[GIVEN DATA Boundary: Start]

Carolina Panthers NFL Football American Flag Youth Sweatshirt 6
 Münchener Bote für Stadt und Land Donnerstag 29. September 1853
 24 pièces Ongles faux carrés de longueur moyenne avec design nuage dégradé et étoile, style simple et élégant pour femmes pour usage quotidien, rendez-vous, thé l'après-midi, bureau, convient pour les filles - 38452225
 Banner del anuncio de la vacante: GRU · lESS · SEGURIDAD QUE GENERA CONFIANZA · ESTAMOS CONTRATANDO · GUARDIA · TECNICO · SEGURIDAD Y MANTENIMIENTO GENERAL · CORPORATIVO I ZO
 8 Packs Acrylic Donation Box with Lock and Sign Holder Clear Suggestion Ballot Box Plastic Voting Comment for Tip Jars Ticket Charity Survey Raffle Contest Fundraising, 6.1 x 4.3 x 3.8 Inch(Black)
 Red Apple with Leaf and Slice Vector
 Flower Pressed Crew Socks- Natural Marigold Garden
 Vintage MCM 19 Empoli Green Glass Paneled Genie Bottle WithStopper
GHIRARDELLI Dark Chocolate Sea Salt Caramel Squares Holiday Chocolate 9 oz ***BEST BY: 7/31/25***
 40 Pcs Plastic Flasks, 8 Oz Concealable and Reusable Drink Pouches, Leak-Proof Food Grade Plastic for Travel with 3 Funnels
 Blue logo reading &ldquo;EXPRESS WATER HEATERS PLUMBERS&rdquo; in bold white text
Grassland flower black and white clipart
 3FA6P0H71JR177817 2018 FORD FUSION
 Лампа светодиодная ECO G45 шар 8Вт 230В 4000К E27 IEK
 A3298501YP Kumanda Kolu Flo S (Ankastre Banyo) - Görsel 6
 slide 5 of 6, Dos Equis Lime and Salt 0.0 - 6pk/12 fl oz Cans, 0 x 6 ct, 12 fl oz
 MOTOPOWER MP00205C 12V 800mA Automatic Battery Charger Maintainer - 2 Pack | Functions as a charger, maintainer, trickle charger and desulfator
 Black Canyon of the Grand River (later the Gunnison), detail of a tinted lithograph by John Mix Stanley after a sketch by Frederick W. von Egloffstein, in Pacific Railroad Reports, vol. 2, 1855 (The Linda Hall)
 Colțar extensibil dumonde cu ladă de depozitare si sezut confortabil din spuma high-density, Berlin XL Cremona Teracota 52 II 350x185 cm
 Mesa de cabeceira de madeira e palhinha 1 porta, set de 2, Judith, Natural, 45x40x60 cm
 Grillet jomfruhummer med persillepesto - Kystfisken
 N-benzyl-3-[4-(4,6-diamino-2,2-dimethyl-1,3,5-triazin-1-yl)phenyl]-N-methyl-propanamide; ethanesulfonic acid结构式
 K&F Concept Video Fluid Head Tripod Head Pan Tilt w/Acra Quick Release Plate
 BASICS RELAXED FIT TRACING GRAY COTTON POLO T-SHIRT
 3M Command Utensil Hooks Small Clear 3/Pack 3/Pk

[GIVEN DATA Boundary: End]

- **BRIEF**
Transcribe all of the material exactly. Omit nothing.

- **EXPECTED ANSWER**
Carolina Panthers NFL Football American Flag Youth Sweatshirt 6
 Münchener Bote für Stadt und Land Donnerstag 29. September 1853
 24 pièces Ongles faux carrés de longueur moyenne avec design nuage dégradé et étoile, style simple et élégant pour femmes pour usage quotidien, rendez-vous, thé l'après-midi, bureau, convient pour les filles - 38452225
 Banner del anuncio de la vacante: GRU · lESS · SEGURIDAD QUE GENERA CONFIANZA · ESTAMOS CONTRATANDO · GUARDIA · TECNICO · SEGURIDAD Y MANTENIMIENTO GENERAL · CORPORATIVO I ZO
 8 Packs Acrylic Donation Box with Lock and Sign Holder Clear Suggestion Ballot Box Plastic Voting Comment for Tip Jars Ticket Charity Survey Raffle Contest Fundraising, 6.1 x 4.3 x 3.8 Inch(Black)
 Red Apple with Leaf and Slice Vector
 Flower Pressed Crew Socks- Natural Marigold Garden
 Vintage MCM 19 Empoli Green Glass Paneled Genie Bottle WithStopper
GHIRARDELLI Dark Chocolate Sea Salt Caramel Squares Holiday Chocolate 9 oz ***BEST BY: 7/31/25***
 40 Pcs Plastic Flasks, 8 Oz Concealable and Reusable Drink Pouches, Leak-Proof Food Grade Plastic for Travel with 3 Funnels
 Blue logo reading &ldquo;EXPRESS WATER HEATERS PLUMBERS&rdquo; in bold white text
Grassland flower black and white clipart
 3FA6P0H71JR177817 2018 FORD FUSION
 Лампа светодиодная ECO G45 шар 8Вт 230В 4000К E27 IEK
 A3298501YP Kumanda Kolu Flo S (Ankastre Banyo) - Görsel 6
 slide 5 of 6, Dos Equis Lime and Salt 0.0 - 6pk/12 fl oz Cans, 0 x 6 ct, 12 fl oz
 MOTOPOWER MP00205C 12V 800mA Automatic Battery Charger Maintainer - 2 Pack | Functions as a charger, maintainer, trickle charger and desulfator
 Black Canyon of the Grand River (later the Gunnison), detail of a tinted lithograph by John Mix Stanley after a sketch by Frederick W. von Egloffstein, in Pacific Railroad Reports, vol. 2, 1855 (The Linda Hall)
 Colțar extensibil dumonde cu ladă de depozitare si sezut confortabil din spuma high-density, Berlin XL Cremona Teracota 52 II 350x185 cm
 Mesa de cabeceira de madeira e palhinha 1 porta, set de 2, Judith, Natural, 45x40x60 cm
 Grillet jomfruhummer med persillepesto - Kystfisken
 N-benzyl-3-[4-(4,6-diamino-2,2-dimethyl-1,3,5-triazin-1-yl)phenyl]-N-methyl-propanamide; ethanesulfonic acid结构式
 K&F Concept Video Fluid Head Tripod Head Pan Tilt w/Acra Quick Release Plate
 BASICS RELAXED FIT TRACING GRAY COTTON POLO T-SHIRT
 3M Command Utensil Hooks Small Clear 3/Pack 3/Pk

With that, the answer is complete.